On Fri, 12 Sep 2008 14:41:28 +0200, Stefan Schmidt said:

> Our postmasters switched the recursive named's on their smtp receivers
> from 9.4.1 to 9.5.0p1 lately and i noticed a 5 fold increase of queries
> against two of our authoritative servers. It turned out that it was the
> mailservers named's querying for the zone they reside in - repetatively -
> meaning the cache apparently was either not used at all for that zone or
> it was not LRU anymore.
> Raising the max cache size from 30 to 100mb and restarting the process
> seems to have helped.

> My question is: Are there high watermark situations where the cache in
> 9.5 does not do LRU anymore or is it more likely that this was just a
> 'glitch' in the cache (on 16 independant machines btw.)?

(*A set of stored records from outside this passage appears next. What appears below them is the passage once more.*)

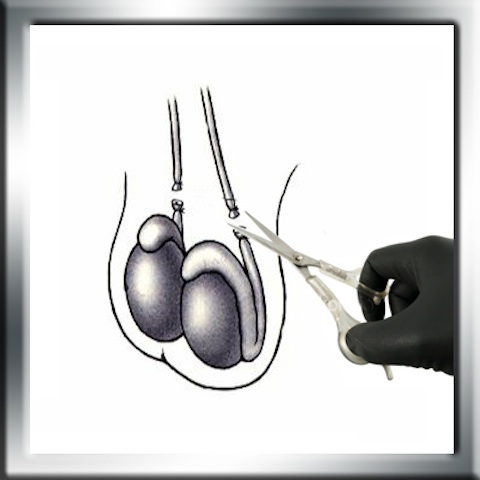 vasectomy 2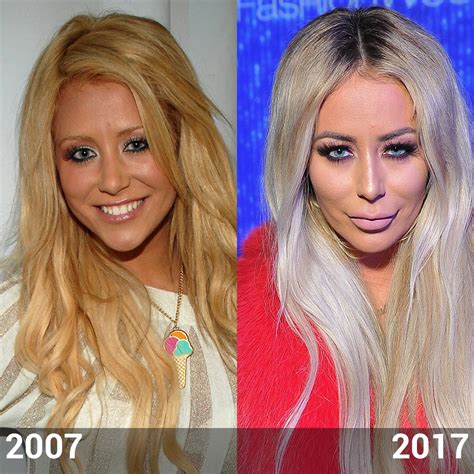 Aubrey O'Day Before and After: Did the Star Have Plastic Surgery?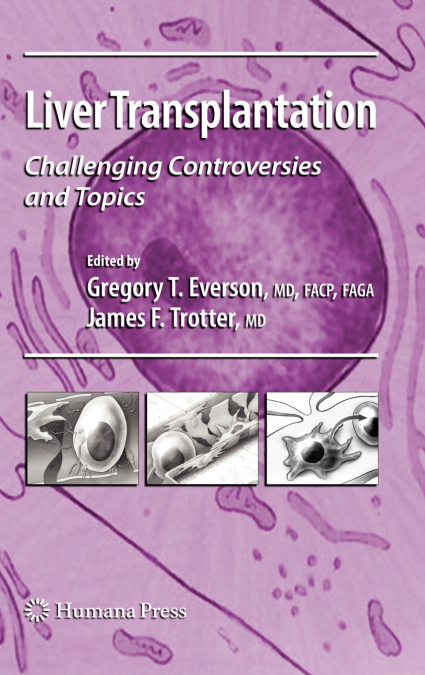 Liver Transplantation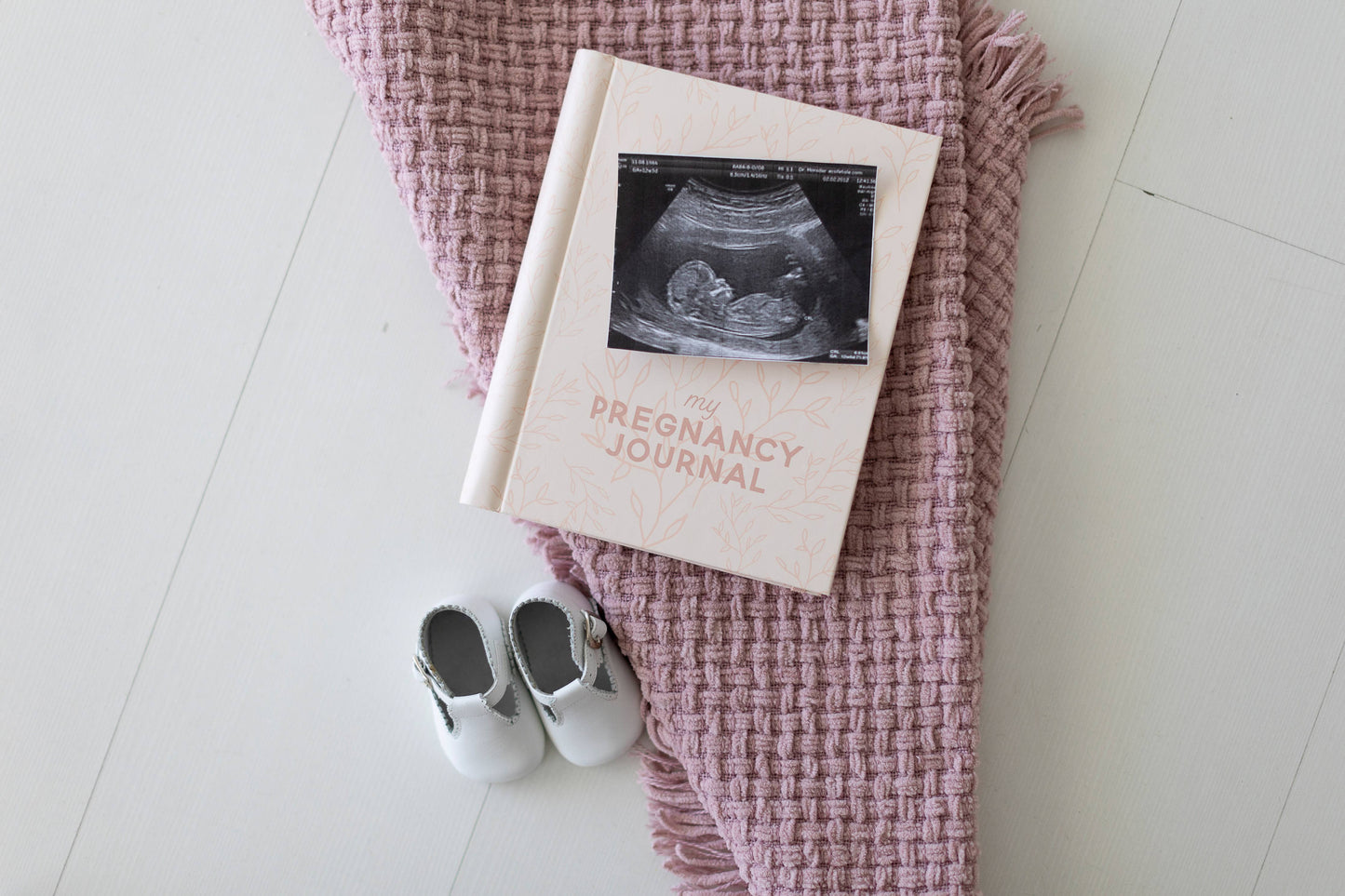 My Pregnancy Keepsake Journal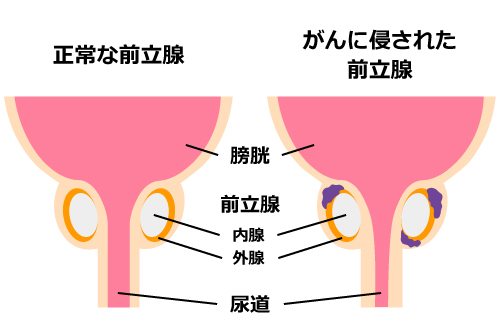 前立腺がんのイメージ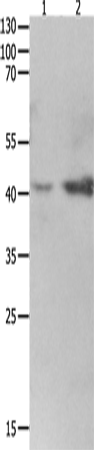 Anti-Human/Mouse/Rat LRPAP1 Antibody - ABMIUM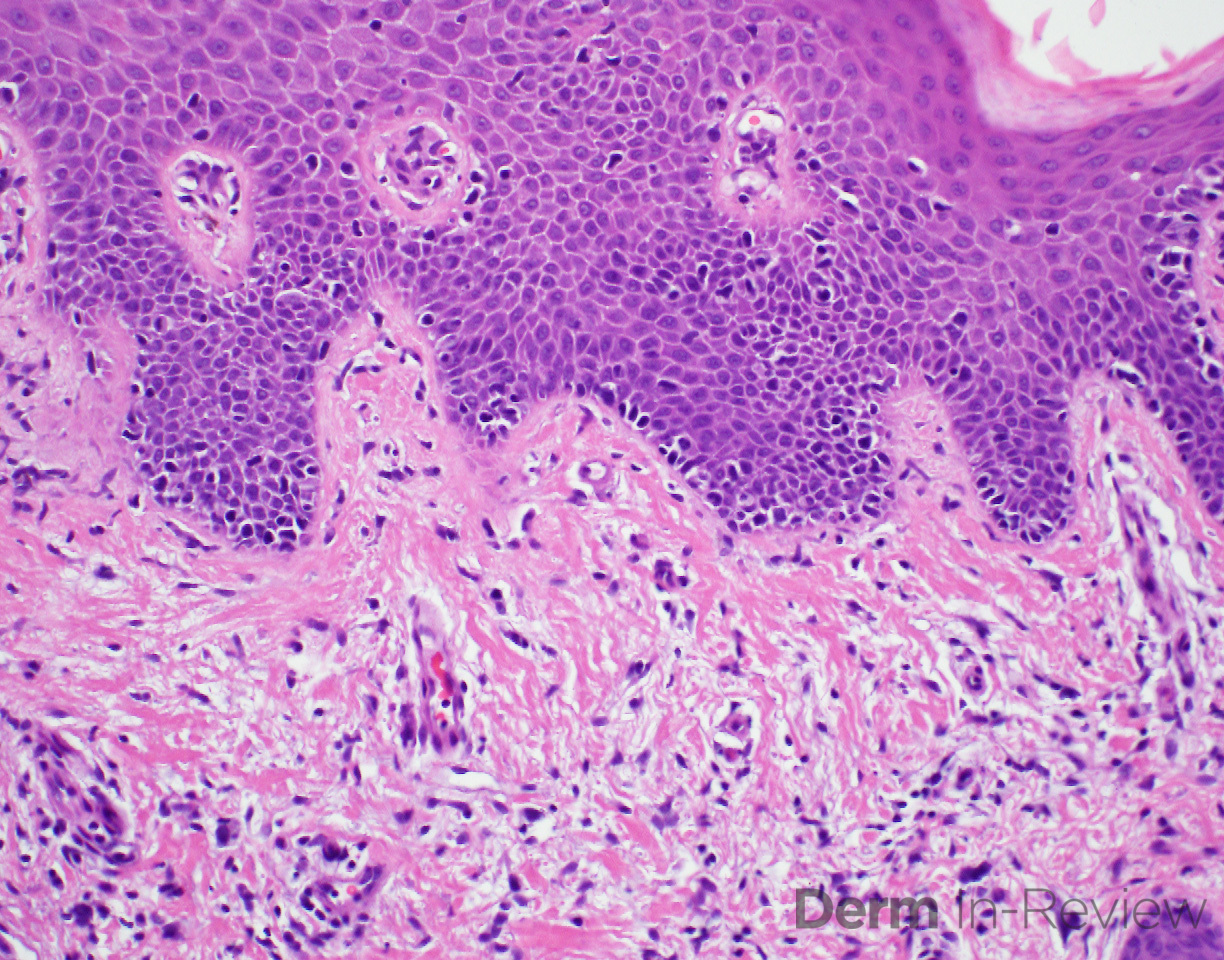 A Mycosis fungoides, patch stage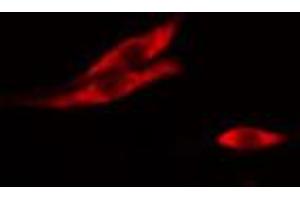 ABIN6267021 staining A-431 cells by IF/ICC.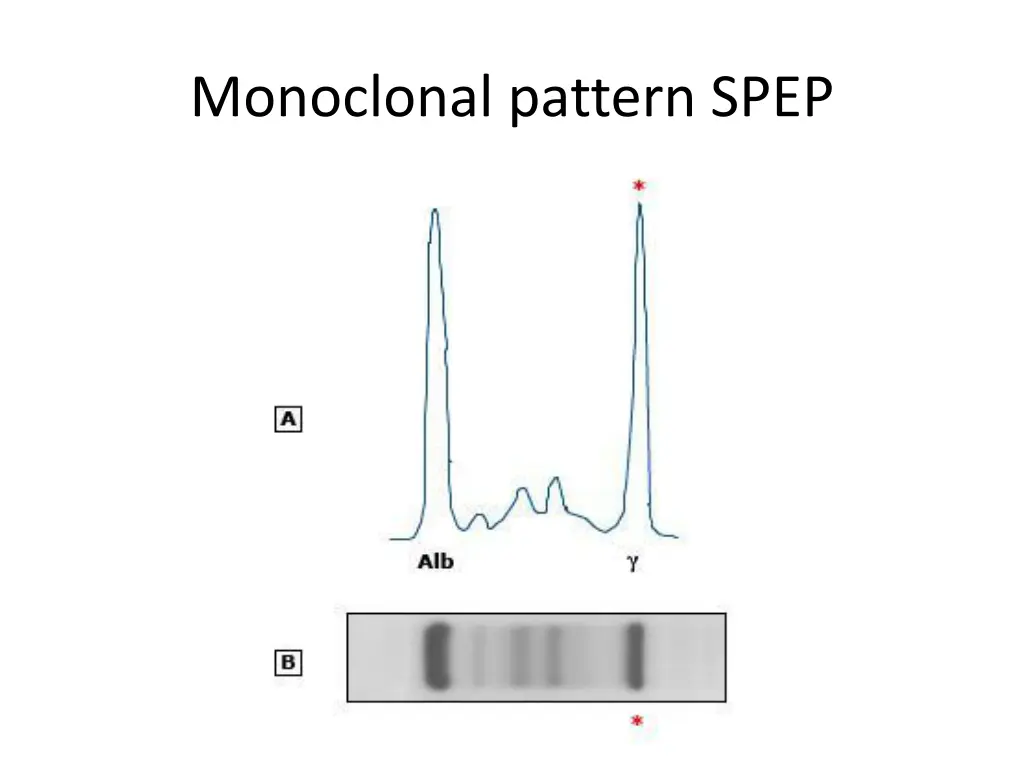 monoclonal pattern spep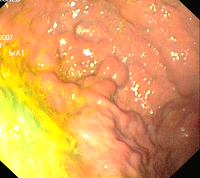 Massive Gastric Variceal Bleeding in a Patient with Chronic Pancreatitis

This sounds a lot like something that I've been seeing with the new
caching system in 9.5. I think it works like this. There is a high
water mark and a low water mark. When the high water mark is crossed,
the cache agressively deletes RRsets from the end of the hash buckets
used for LRU expiry. It does this whenever a new RRset is placed into
the cache. The RRset to be expunged is chosen from the same hash
bucket into which the new RRset is installed. Hashing is done on the
name only. Once the cache size drops below the low water mark, normal
LRU purging is resumed.

I have observed that during this "overmem" phase, some hash buckets
become almost empty and can enter a state in which different RRsets
for the same name are added and deleted in quick succession. For
example, if a name server for a zone has A and AAAA RRsets, then they
will keep replacing each other during glue-fetching for this zone. As
a result, you will see these records getting deleted and re-fetched a
lot depending on other queries for names in that zone. I have even
seen intermittent SERVFAIL conditions while this was going on.

There is a ticket open for this problem (17628) but it has been
stalled by the anti-cache poisoning activities. Jinmei has
acknowledged that this is a problem and should be fixed, though. I
wrote a crude patch (no purging is performed if the owner name of the
to-be-deleted RRset is the same as that of the new RRset) which has
been working fine for a couple of weeks.